WASHINGTON (February 12, 2021)—Royal Dutch Shell, one of the world’s largest oil and gas companies, has released a new proposed strategy for cutting emissions and reducing the company’s impact on the climate. While the strategy takes important steps in the right direction, it still falls short of what is needed to limit the worst effects of climate change, according to the Union of Concerned Scientists (UCS).
Below is a statement by Kathy Mulvey, accountability campaign director in the Climate and Energy Program at UCS.
“Shell has taken a step forward with its new climate strategy. Instead of offering vague ambitions, Shell has set firm targets for short- and long-term emissions reductions from its operations and from the use of its products.
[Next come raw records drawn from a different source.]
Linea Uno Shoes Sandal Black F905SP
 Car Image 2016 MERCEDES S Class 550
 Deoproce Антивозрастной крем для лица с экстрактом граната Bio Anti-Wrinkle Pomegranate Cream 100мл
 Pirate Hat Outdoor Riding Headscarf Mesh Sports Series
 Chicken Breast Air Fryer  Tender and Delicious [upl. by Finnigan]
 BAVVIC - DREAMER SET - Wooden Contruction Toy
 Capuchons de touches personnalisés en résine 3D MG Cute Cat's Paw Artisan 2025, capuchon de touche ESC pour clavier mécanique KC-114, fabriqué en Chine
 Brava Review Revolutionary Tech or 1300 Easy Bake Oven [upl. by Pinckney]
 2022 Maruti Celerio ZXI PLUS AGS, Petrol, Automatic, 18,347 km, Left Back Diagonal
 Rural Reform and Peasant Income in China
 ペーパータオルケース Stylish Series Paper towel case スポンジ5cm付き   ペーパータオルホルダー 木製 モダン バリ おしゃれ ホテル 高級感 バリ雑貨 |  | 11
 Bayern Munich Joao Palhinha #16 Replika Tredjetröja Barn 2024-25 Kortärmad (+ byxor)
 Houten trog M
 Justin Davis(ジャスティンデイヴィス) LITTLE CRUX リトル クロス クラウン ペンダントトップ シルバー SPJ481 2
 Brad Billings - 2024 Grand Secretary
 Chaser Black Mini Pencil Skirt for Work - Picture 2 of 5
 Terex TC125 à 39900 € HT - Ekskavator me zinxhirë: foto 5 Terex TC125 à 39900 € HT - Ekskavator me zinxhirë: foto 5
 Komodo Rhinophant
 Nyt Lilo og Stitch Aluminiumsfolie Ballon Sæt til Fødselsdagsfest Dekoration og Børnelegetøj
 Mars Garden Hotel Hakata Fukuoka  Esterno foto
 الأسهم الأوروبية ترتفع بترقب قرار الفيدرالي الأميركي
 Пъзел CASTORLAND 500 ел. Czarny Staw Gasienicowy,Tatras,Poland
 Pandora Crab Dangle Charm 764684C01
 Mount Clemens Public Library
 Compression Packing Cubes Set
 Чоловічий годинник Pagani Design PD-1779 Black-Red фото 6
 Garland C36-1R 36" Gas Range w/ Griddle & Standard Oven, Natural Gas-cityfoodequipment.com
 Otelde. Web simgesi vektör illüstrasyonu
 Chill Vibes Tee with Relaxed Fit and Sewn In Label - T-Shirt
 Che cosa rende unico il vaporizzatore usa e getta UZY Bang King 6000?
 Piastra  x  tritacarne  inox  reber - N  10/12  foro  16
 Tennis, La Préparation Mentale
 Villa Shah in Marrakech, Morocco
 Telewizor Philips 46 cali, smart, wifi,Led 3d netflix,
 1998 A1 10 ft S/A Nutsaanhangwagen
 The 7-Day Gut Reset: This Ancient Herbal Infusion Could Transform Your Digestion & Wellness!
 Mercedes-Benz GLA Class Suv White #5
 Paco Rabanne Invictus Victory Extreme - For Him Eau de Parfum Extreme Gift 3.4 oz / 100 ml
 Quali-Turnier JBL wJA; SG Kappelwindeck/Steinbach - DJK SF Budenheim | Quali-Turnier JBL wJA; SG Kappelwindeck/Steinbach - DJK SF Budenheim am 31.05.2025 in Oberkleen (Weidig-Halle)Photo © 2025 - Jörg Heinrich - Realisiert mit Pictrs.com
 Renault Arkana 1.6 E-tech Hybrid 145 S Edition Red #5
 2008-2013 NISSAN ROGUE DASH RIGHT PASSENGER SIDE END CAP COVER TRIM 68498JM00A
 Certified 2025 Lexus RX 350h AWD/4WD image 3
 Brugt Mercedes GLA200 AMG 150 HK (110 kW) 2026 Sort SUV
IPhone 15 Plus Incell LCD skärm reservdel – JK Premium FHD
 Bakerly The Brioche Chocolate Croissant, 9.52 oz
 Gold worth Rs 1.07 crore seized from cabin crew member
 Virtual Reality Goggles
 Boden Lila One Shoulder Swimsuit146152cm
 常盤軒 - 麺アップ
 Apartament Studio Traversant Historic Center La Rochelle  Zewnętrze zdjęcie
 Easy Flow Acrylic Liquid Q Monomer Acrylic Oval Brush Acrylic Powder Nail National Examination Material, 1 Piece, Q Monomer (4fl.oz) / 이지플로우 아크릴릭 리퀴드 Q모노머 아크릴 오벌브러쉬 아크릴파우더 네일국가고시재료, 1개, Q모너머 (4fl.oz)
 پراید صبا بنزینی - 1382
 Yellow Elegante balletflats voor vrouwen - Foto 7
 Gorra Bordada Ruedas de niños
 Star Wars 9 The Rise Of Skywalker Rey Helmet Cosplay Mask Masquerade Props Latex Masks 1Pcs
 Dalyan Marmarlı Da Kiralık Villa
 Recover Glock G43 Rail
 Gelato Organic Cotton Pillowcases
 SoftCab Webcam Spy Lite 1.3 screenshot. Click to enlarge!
Unfortunately, the pace of Shell’s proposed reductions does not match what science tells us is necessary to lead us out of the climate crisis, and questions remain about how the company will ensure that its climate policy advocacy backs up its stated commitments.
“Encouragingly, Shell is the first of the major oil and gas companies to set a firm net-zero target that includes all the carbon emissions from burning the oil and gas products it produces and sells globally, which are by far the fossil fuel industry’s biggest contribution to climate change.
“But Shell’s strategy leaves its biggest emissions cuts in the future instead of focusing on swift and deep reductions over the crucial next decade. But Shell’s strategy leaves its biggest emissions cuts in the future instead of focusing on swift and deep reductions over the crucial next decade. Shell also relies heavily on dubious offsets, stays silent on the significant upstream and process emissions of its present methane-based approach to hydrogen, and commits to ramping up, not down, investments in liquified natural gas.
“Finally, one of the biggest things Shell must do to advance climate action is to leave trade associations such as the American Petroleum Institute that spread climate disinformation and seek to block climate policies the company claims to support.
“Shell’s advances today and over the past few years are a clear, direct response to mounting pressure from shareholders, activists, policymakers, and climate litigation. They’re a sign that the climate movement is making an impact—and must continue to accelerate and grow.”